I get it, everyone is addicted to branding everything under the sun these days.
Y’all feel naked if your title don’t name-drop your toys.
If the ‘Pruzah 3d Printer model XYZ-19a with FeelMeTouchMe…’ has some unique issues when it comes to clearing jams, then cool on having word-salad in the title.
But this aint the case.
Post after post with long titles naming the equipment and model number, but you have to ‘dig’ to find out what the post is really about.
There are big-name ‘pro-tubers’ who have posted series of articles on ‘basic 3d printer skills’ with “Pruzah 3d Printer model XYZ-a19a…” leading every title.
The ‘meat’ of the posts is almost completely generic, very little applies to only ‘Pruzah’.
Are y’all trying to sell printers, or teaching tech?
I’m not 100% sure what you’re getting at with this mantic rant, but the techniques described in this video are absolutely 100% specific to the way models are generated in OpenSCAD and aren’t directly relatable to Blender in any way. So…I guess you agree with the way it was presented.
The Prusa name on everything is a major turn off for me as well. He acts like he is the 3d printer be all end all. If anything he is holding back the community. Prusament. Cute. With an ego like that good luck.
Making fixtures and jigs, even if they are one offs, is a big advantage of 3D printing.
I mentor a high school FIRST Robotics team and we built a robot in the off season where we created jigs to drill the mounting holes for various electronics and other components. Mark the location of a single hole, clamp the jig, and drill the rest. First time we haven’t had to hog holes or swiss cheese some things.
I’ve done it for other stuff including things around the house.

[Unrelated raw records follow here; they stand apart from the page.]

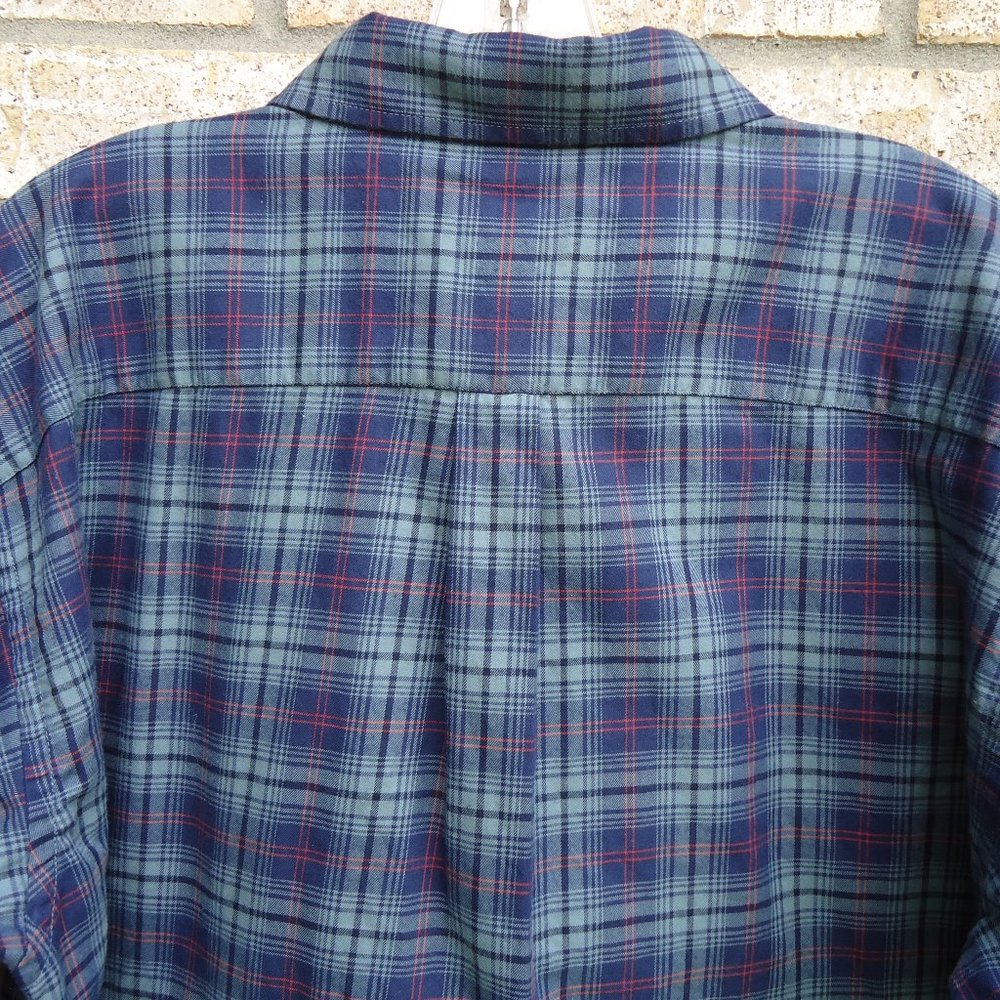 SIZE L. PATAGONIA 100% organic cotton flannel shirt. - Picture 8 of 16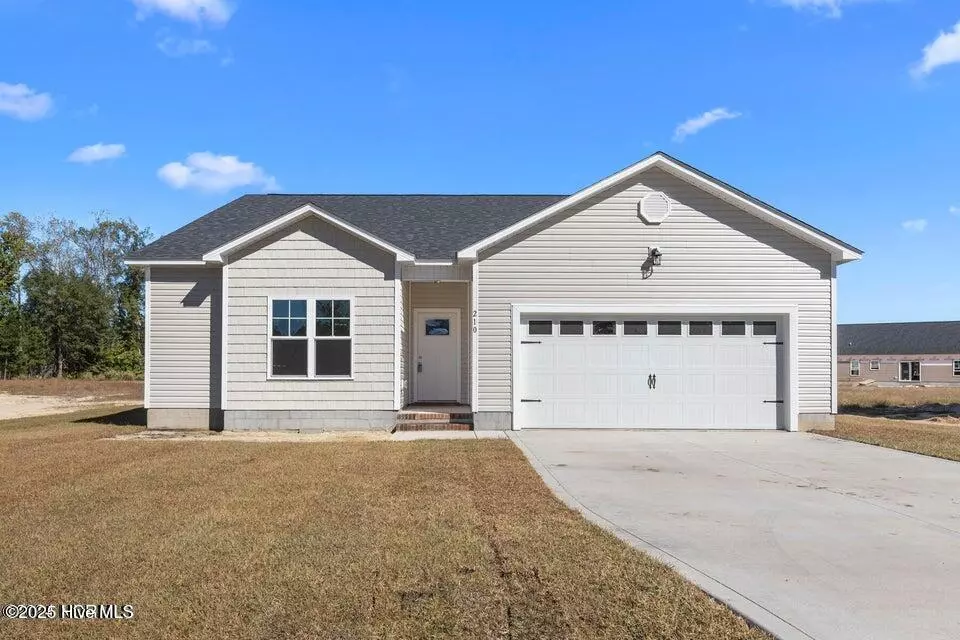 Jacksonville, NC 28540,300 E Theriault CT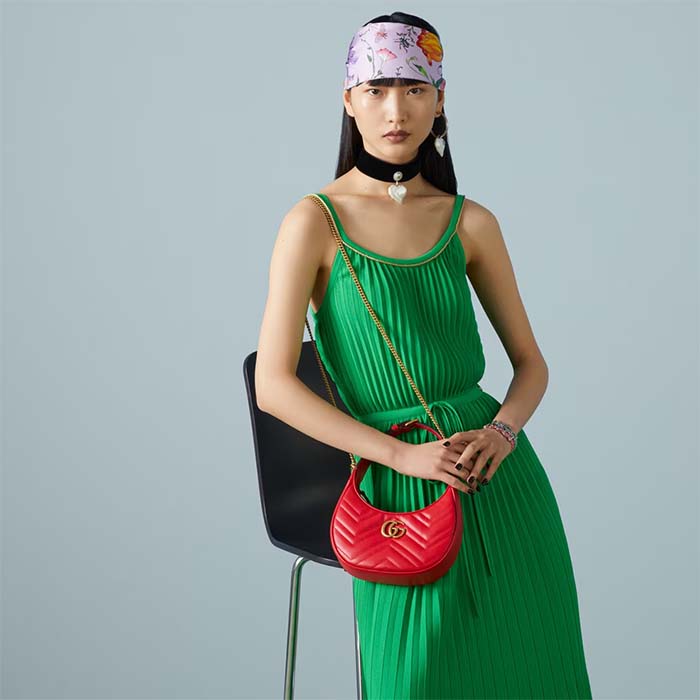 Gucci Women GG Marmont Matelassé Mini Bag Red Chevron Leather Double G (6)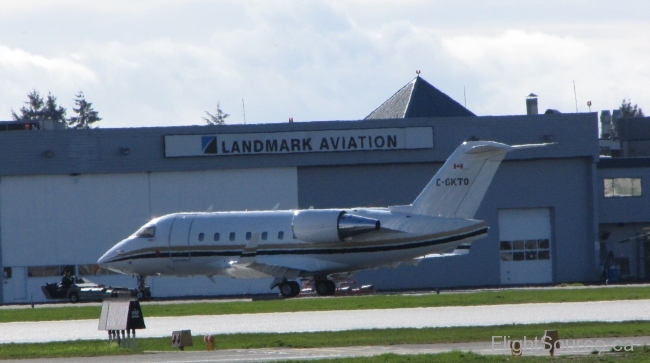 Execaire Challenger CL-600-2B16 C-GKTO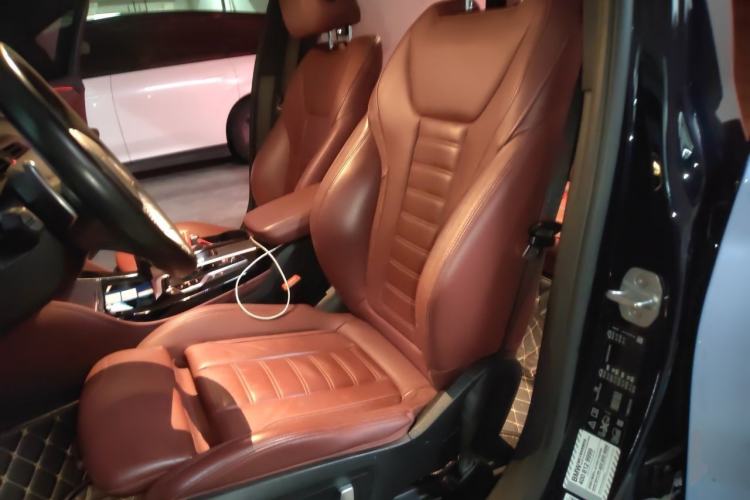 Used BMW X4 2020 xDrive25i M Sport Package Left Front Seat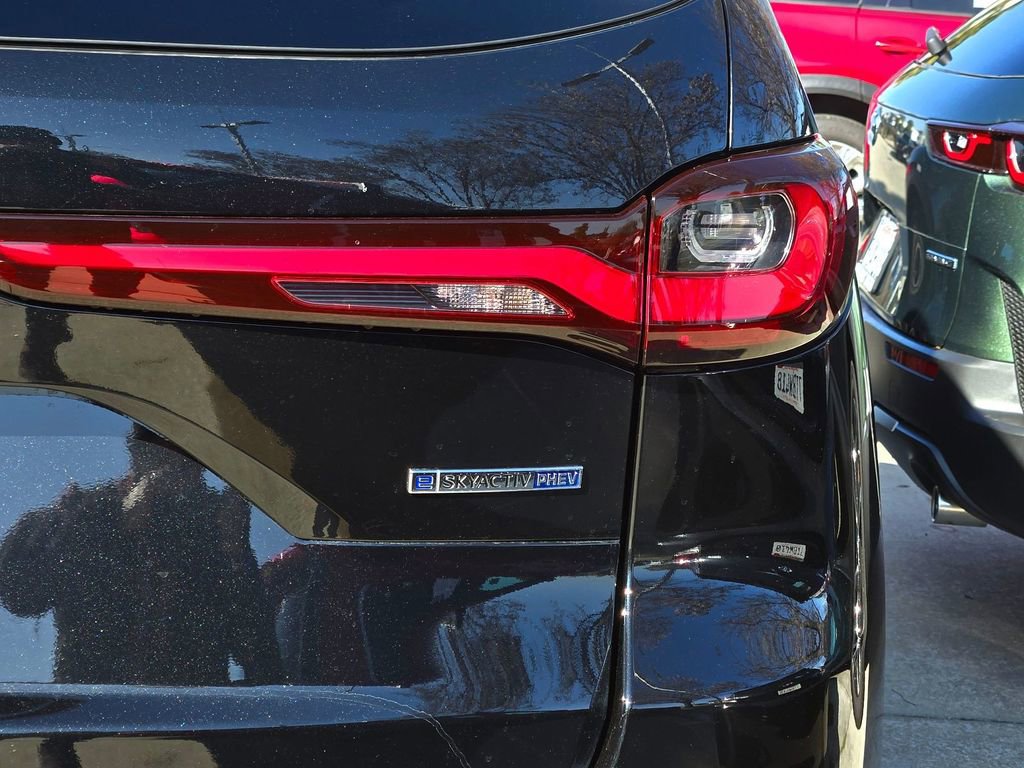 Certified 2025 MAZDA CX-70 Plug-In Hybrid w/ Premium Plus AWD/4WD image 9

Design is easy, the parts are cheap, the results greatly improved.
i’ve been doing this for a few projects, but so far i have included the jig as part of the end product…like i print a bracket with 2 angled holes for 1/2″ dowel to go through, and then i hold it in place to drill the appropriate angled/spaced holes in a plywood base, and then i slide the dowels through the jig and into the plywood, leaving the jig in place. i don’t need the jig for strength, but i designed it to be a spacer in the final product. (i could easily have used a chunk of wood instead)
Never really thought about using a 3D printer to make woodworking jigs before but I like the idea. This makes me look forward to going back into the shed again when the weather gets warmer.

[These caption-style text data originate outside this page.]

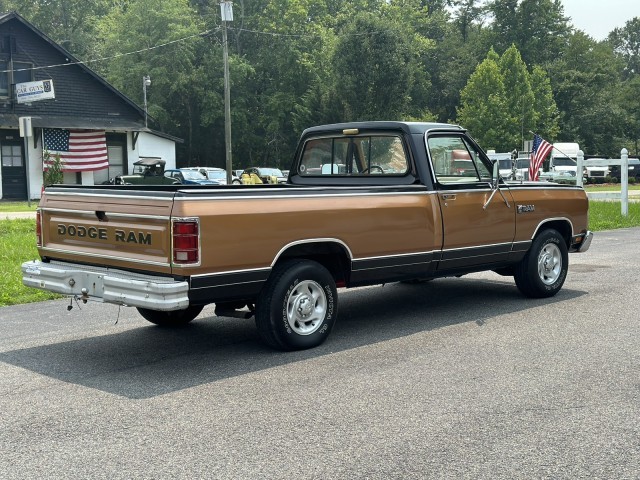 Dodge-Ram-1500-1986-Pickup-Truck-4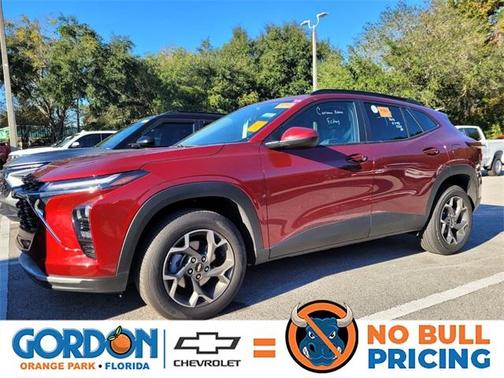 2025 Chevrolet Trax LT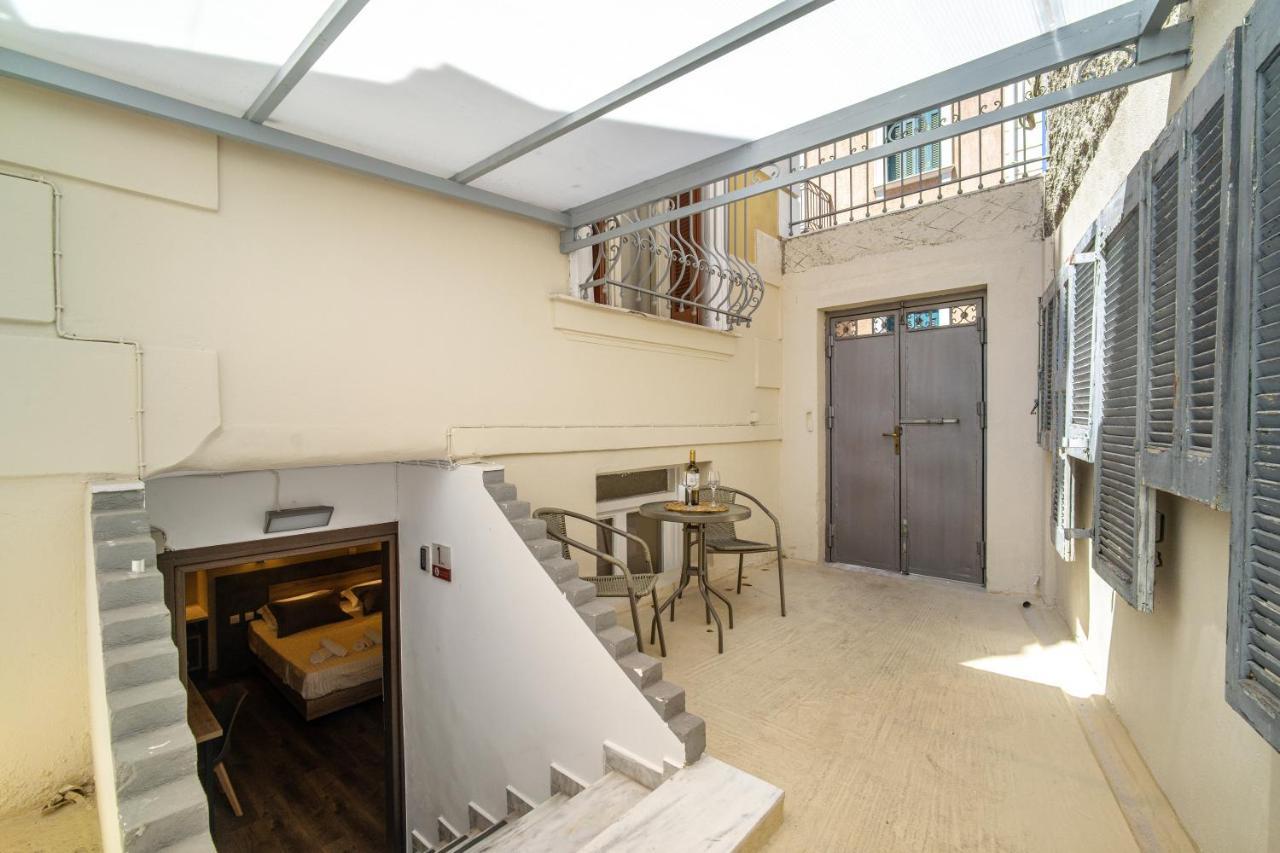 Double Room Semi-basement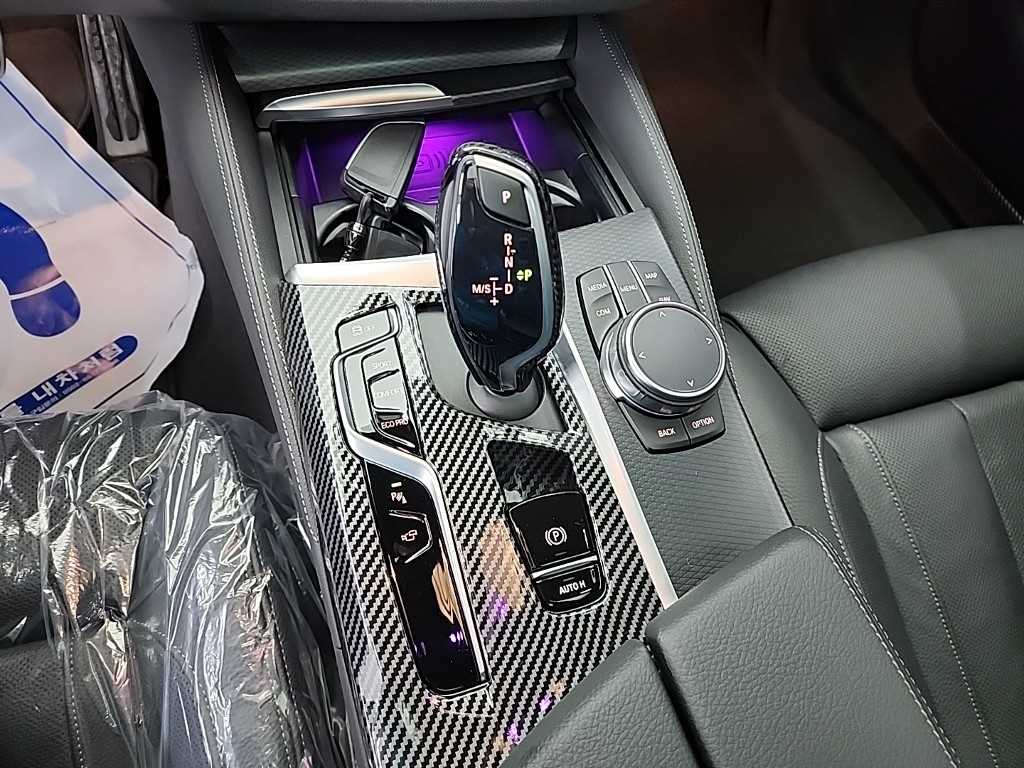 BMW 5 Series - Vista 8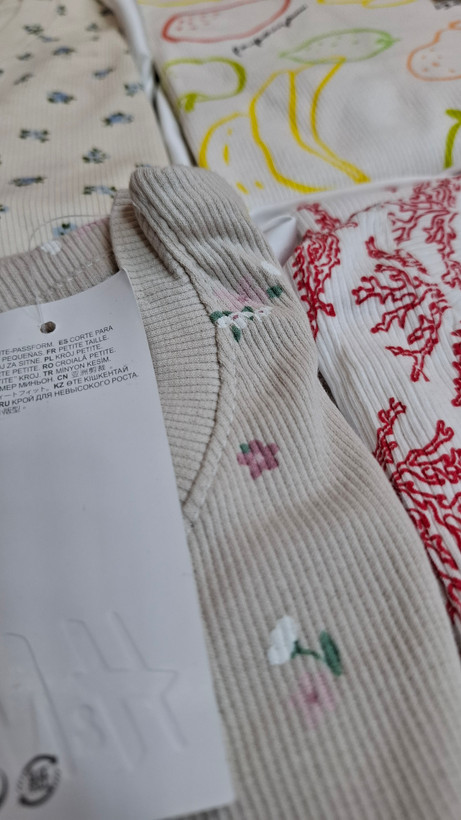 تیشرت کبریتی وارداتی اورجینال برند H&M سایز لارج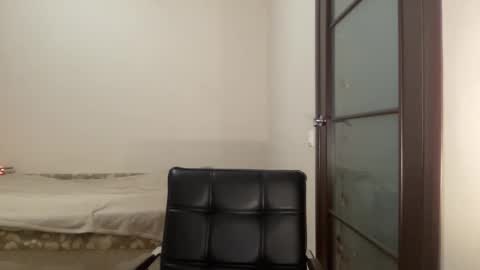 Mia online show from November 20, 11:46 pm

You could also use this same technique easily with Fusion 360, and – despite my software background – it’s going to be a lot faster in Fusion 360.
Fusion 360 also supports parametric design, so you can easily do the design one time and easily tweak the dimensions.
But, Fusion 360 is not free. Thanks, I’ll pass.
Fusion 360 also supports lulling their users into a false sense of security that their models are and will always be available to them in the cloud.
Sure, it has all the bells and whistles that OpenSCAD doesn’t. But I can live with that, knowing all my drawings/scripts efforts are 100% under my control.
“Person uses 3d printer for what 3d printers are for”
If the holes are the wear point where you need 10.5 hrs to print a new jig, why not leave room for shoulder washers?
That framing accuracy is a stupid idea and a waste of time. By the time he’s finished creating a jig, printing, printing. I would have done the project for it. Nobody will know that I was off by a millimeter or a degree following drywall and paint.